La seule façon pour que la prise du pouvoir "prématurée" du prolétariat en 1917, pour ses expériences et ses erreurs (et donc celles du bolchévisme), constitue un "facteur important de la victoire finale", c'est que le prolétariat d'aujourd'hui et surtout les révolutionnaires critiquent impitoyablement ces expériences et ces erreurs. C'est ce que fit parmi les premiers, et avant les futurs conseillistes, Rosa Luxemburg dans la brochure "La révolution russe". Mais cela suppose qu'on adopte la même attitude que la sienne contre tous les détracteurs intéressés de la révolution d'Octobre et des bolcheviks :

  • "...et jamais nous ne devrions oublier quand on viendra nous servir des calomnies contre les bolcheviks russes de répondre en demandant : où avez-vous appris l'ABC de votre actuelle révolution.
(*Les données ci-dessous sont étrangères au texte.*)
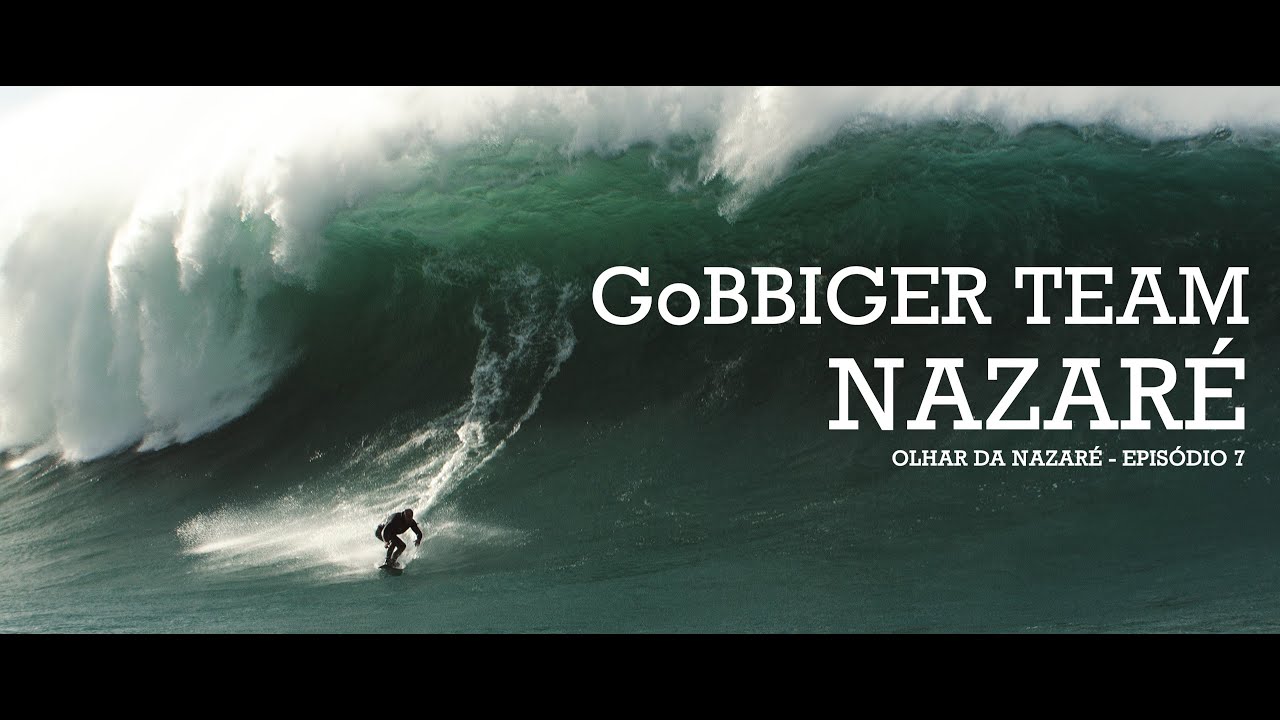 GoBIGGER TEAM - Nazaré - EP 7. Olhar da Nazaré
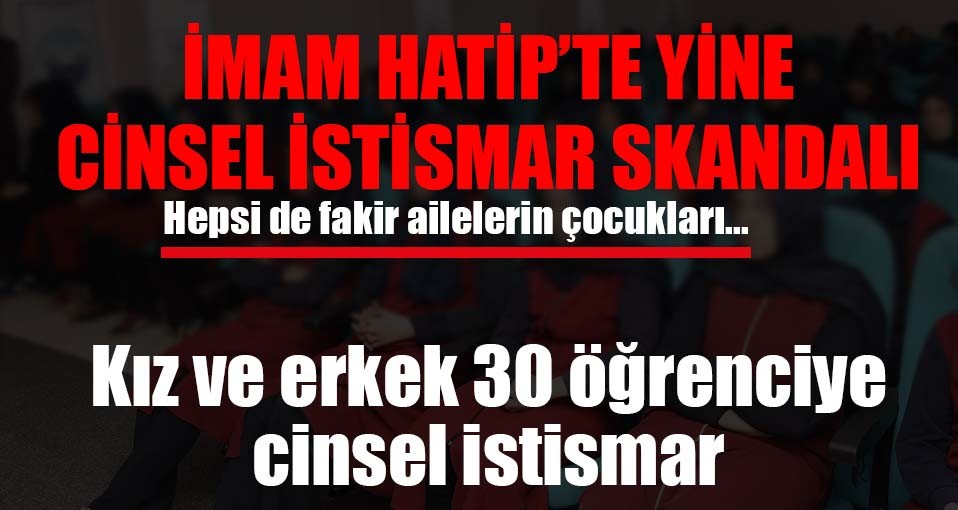 İmam Hatipte kız erkek 30 öğrenciye cinsel istismar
C'est des Russes que vous avez appris les conseils d'ouvriers et de soldats." ("Discours sur le Programme du KPD", Rosa Luxemburg).
  • "Ce qu'un parti peut, à une heure historique, fournir de courage, de force d'action, de coup d'oeil révolutionnaire et de logique, les Lénine, Trotsky et leurs camarades l'on donné largement. Tout l'honneur révolutionnaire et la capacité d'action qui a manqué à la démocratie socialiste en Occident s'est trouvé chez les bolcheviks. Leur insurrection d'Octobre n'a pas seulement sauvé effectivement la révolution russe, elle a sauvé aussi l'honneur du socialisme international."
    "Il leur reste le mérite impérissable dans l'histoire d'avoir pris la tête du prolétariat international en conquérant le pouvoir politique et en posant dans la pratique le problème de la réalisation du socialisme ainsi que d'avoir puissamment avancé le conflit entre capital et travail dans le monde. En Russie, le problème ne pouvait être que posé, il ne pouvait être résolu en Russie. Et c'est en ce sens que l'avenir appartient partout au "bolchévisme", (La révolution russe, Rosa Luxemburg).
CCI

 

"La révolution russe guidée politiquement par le parti de Lénine, est la plus grande expérience faite par le prolétariat jusqu'à nos jours. Ses acquis, ses aspects positifs, comme ses aspects négatifs, de même que ses erreurs constituent un matériel inestimable d'enseignements précieux. Il ne saurait y avoir un ressurgissement révolutionnaire sans s'appuyer sur une étude minutieuse de cette expérience, ni sans son assimilation par le prolétariat.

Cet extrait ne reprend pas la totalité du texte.